Dave had had a huge lunch and I was tired, so we didn't go to First Friday.  They didn't seem to be promoting it any this month; I couldn't find an ad or a press release in the paper.

There wasn't much wind on the fifth of November, so I built a little bonfire.  Didn't throw any effigies on it, only a rotten fence post.

 

 

10 November 2014

Washday, token amount of sewing done.  Pizza for supper.  I put in extra yeast and made the dough into crust without letting it rise first.  My recipe makes two crusts; I made a small loaf of bread out of the other half of the dough.

On Saturday, I cut out a pair of slippers, and made some muffinlets so I'd have bread to eat with my chili yesterday.  The cornbread wasn't as sweet as last year, but I ate my bread anyway.  Not much was eaten by other people.

The people at our table all threw money on the table and bid in Martha's "left-over Halloween candy" cheesecake.  I brought my slice home in a cottage-cheese container.  It disappeared by bed time.

I thought that the "asian fusion" chili was the best, but I don't think it got any of the prizes.  The camel chili was gone by the time I got there, but I scraped a taste off the walls of the crock-pot with a cracker.  Couldn't taste the meat in it.

One of these years I'll enter my hamburger soup in the contest.  I'd have to borrow a bigger crockpot.  Or set my iron kettle on my candle warmer.  The warmer doesn't overheat my cheese dip, so I doubt that it puts out enough BTUs to keep a kettle hot.

 

 

11 November 2014

We did note when it was eleven o'clock.

Tomorrow looks like a good day to take a card-table tour.  It won't be a quarter century, but it will be exhausting, and that's the point of a long ride.

I want a card table, and my Walmart-Meijer tour re-crosses US 30 right at K-Mart.  So I can check all three X-Marts, and Lowe's as well.

I think I'll wear walking shoes for the entire tour; there's only a short stretch where I have to climb hills, and one of the hills is so steep I can't climb it even with cleats.  Leaving the cleats home means walking the hill on 300 N too, but walking is good exercise.

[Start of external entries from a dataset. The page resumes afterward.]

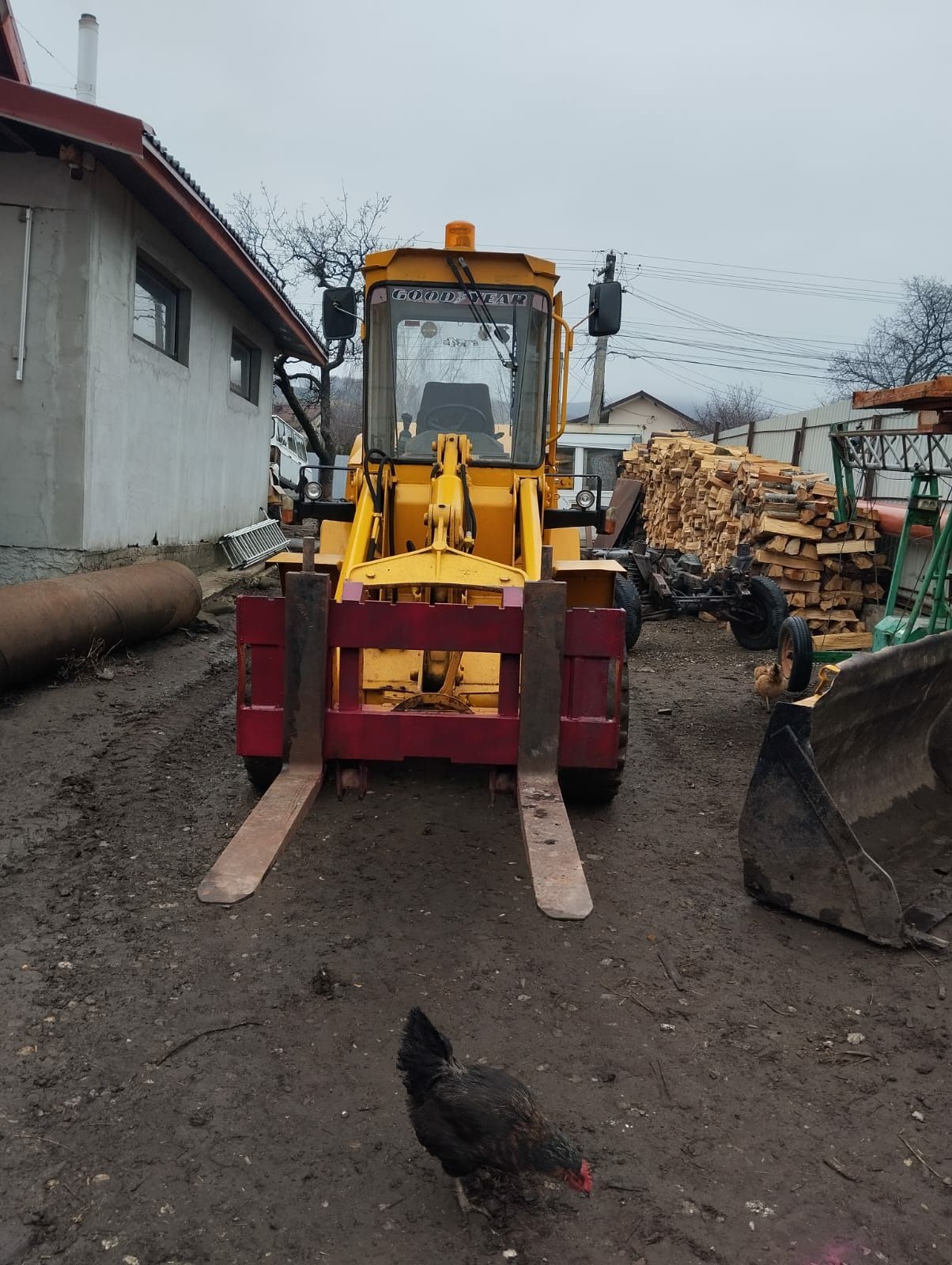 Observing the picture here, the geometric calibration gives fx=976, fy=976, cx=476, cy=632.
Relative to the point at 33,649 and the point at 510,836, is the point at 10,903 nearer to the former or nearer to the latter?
the point at 510,836

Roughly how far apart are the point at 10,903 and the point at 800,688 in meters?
6.44

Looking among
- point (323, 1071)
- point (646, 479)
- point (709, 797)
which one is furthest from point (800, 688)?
point (646, 479)

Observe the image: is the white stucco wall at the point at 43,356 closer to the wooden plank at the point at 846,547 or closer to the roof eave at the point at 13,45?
the roof eave at the point at 13,45

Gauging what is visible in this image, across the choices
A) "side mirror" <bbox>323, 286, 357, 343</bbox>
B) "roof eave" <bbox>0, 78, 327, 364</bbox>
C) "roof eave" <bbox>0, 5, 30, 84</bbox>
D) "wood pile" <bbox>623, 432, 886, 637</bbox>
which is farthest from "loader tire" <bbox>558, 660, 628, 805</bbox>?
"roof eave" <bbox>0, 5, 30, 84</bbox>

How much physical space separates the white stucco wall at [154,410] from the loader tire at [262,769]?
194 inches

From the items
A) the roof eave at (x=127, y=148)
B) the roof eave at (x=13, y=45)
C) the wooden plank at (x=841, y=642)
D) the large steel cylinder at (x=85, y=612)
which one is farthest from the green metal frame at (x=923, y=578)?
the roof eave at (x=13, y=45)

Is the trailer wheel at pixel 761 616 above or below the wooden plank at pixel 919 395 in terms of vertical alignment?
below

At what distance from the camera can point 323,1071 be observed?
2.82 meters

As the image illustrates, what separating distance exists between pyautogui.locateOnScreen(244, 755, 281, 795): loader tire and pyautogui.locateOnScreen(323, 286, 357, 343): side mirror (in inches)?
107

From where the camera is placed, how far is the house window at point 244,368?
1485 centimetres

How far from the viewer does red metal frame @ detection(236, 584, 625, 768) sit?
4328 mm

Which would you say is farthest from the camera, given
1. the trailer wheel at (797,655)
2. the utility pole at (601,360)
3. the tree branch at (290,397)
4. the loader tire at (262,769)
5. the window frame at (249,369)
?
the utility pole at (601,360)

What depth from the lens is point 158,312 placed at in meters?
11.1

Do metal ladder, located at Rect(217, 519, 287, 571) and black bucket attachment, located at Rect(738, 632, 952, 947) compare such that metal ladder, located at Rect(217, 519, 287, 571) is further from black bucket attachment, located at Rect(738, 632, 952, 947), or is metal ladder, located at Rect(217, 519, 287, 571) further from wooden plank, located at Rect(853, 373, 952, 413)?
black bucket attachment, located at Rect(738, 632, 952, 947) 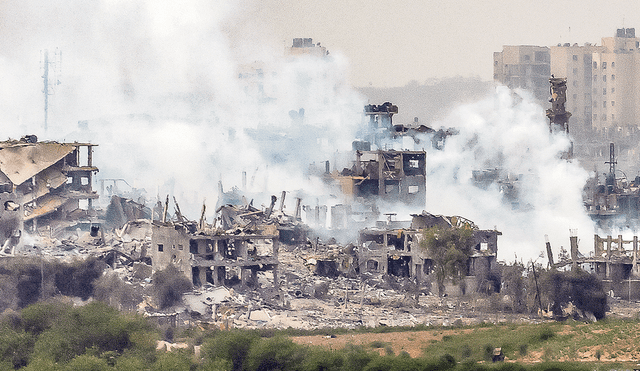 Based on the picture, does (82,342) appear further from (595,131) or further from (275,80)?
(595,131)

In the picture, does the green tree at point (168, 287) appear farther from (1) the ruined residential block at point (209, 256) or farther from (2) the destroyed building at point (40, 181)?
(2) the destroyed building at point (40, 181)

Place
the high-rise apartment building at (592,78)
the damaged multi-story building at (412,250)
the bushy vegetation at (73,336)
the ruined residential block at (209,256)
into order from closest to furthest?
the bushy vegetation at (73,336)
the ruined residential block at (209,256)
the damaged multi-story building at (412,250)
the high-rise apartment building at (592,78)

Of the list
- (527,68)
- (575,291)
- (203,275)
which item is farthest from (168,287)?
(527,68)

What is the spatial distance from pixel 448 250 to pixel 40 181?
26.9 m

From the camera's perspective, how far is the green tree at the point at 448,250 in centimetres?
6112

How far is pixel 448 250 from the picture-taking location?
202ft

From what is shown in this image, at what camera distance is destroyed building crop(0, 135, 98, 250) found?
74.2 meters

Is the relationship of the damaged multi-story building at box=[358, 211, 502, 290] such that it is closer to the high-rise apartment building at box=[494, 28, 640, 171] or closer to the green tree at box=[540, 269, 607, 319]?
the green tree at box=[540, 269, 607, 319]

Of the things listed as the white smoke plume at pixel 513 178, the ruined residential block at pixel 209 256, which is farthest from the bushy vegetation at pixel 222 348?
the white smoke plume at pixel 513 178

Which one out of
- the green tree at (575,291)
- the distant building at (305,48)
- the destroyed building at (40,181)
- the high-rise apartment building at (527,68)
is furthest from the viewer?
the high-rise apartment building at (527,68)

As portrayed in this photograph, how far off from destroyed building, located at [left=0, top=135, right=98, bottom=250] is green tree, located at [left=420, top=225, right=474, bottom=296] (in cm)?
2377

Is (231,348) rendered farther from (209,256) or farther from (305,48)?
(305,48)

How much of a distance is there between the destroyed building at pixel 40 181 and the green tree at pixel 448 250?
2377 cm

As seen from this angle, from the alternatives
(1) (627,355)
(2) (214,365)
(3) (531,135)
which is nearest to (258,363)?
(2) (214,365) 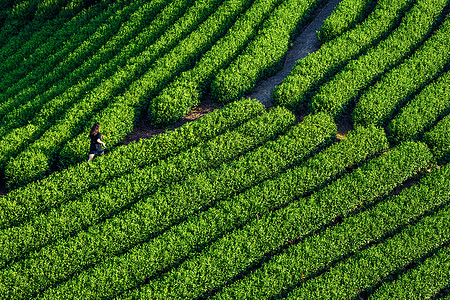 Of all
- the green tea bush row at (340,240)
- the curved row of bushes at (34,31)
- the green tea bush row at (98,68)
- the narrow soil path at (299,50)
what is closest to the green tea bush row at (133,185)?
the narrow soil path at (299,50)

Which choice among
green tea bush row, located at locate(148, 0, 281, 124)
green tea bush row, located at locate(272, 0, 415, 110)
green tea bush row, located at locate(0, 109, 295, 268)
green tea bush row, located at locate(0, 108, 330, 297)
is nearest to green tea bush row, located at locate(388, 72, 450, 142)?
green tea bush row, located at locate(0, 108, 330, 297)

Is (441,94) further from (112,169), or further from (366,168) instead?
(112,169)

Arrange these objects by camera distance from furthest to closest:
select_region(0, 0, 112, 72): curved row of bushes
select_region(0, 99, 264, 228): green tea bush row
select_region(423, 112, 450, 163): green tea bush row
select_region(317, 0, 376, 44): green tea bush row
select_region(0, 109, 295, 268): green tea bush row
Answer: select_region(0, 0, 112, 72): curved row of bushes < select_region(317, 0, 376, 44): green tea bush row < select_region(423, 112, 450, 163): green tea bush row < select_region(0, 99, 264, 228): green tea bush row < select_region(0, 109, 295, 268): green tea bush row

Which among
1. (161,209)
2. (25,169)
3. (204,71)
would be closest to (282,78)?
(204,71)

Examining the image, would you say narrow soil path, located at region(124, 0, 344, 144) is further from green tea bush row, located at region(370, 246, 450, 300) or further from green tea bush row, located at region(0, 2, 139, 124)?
green tea bush row, located at region(370, 246, 450, 300)

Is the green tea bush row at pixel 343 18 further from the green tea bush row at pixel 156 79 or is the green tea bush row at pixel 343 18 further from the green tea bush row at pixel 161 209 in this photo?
the green tea bush row at pixel 161 209

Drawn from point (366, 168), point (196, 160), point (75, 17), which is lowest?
point (366, 168)

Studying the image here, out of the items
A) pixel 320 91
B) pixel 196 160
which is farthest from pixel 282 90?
pixel 196 160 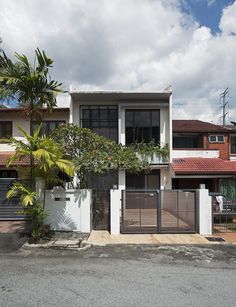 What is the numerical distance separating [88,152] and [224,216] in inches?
284

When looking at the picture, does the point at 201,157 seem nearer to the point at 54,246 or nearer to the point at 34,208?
the point at 34,208

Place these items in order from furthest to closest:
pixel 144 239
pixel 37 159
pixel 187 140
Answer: pixel 187 140
pixel 144 239
pixel 37 159

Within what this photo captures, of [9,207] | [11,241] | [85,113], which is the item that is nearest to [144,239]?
[11,241]

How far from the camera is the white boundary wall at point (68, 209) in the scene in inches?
505

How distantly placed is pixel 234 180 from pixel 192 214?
936 centimetres

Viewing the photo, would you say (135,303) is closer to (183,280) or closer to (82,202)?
(183,280)

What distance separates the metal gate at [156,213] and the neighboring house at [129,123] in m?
7.66

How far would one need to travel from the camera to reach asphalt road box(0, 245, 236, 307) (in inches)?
241

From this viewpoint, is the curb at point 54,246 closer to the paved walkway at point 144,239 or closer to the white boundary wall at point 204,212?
the paved walkway at point 144,239

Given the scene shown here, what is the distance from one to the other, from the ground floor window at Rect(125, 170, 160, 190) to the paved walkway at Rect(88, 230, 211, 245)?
28.6 ft

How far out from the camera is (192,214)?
13203 millimetres

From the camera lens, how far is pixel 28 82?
11562 mm

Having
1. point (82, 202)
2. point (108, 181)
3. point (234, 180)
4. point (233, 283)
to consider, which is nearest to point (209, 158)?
point (234, 180)

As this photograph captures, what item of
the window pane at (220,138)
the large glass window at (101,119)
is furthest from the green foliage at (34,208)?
the window pane at (220,138)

Hmmm.  If I go to Meijer first, then Walmart, I can skip both 150 E and 300 N.  That makes the trip shorter, but it's *cold* out there.

Then coming back from Walmart, I can stay on 250 N all the way to — oh, wait, that's Husky Trail, which is devoutly to be avoided.  So it's Bell Drive yet again.

Photograph of a buck standing near our garage 
                     door.

For a while we thought this guy morphed into a doe in some of the pictures that the motion detector caught, but then we realized that his antlers match the color of the door.

Well, well!  All summer long I've been looking for a stick of sunscreen that I bought on clearance and stashed away last fall.  This evening, while getting out a pair of wool gaiters to wear on tomorrow's ride, I found it!

I thought I'd had everything out of my weird-sock drawer more than once during the summer.

Now, if my split mittens would turn up . . .
and the half-knit sock with my #0000 needles in it . . .

 

 

12 November 2014

I've been complaining for a long time that I'm short of presentable shirts that I don't mind spilling stuff on, but you can't buy new old shirts.  Yesterday Dave cleaned out his closet and piled up shirts to take to Goodwill.  (On the treadle sewing machine, but he's lucky:  my current project is sewn entirely on the zig-zag machine.)  The pile included every T-shirt he had, and I sorted them out (except for the undershirt) and hung them on my side of the closet — about a dozen of them.

I may end up putting pockets in some of them; I've frequently been frustrated while wearing my Becoming an Outdoorswoman T-shirt around the house because I can't put a timer into my pocket.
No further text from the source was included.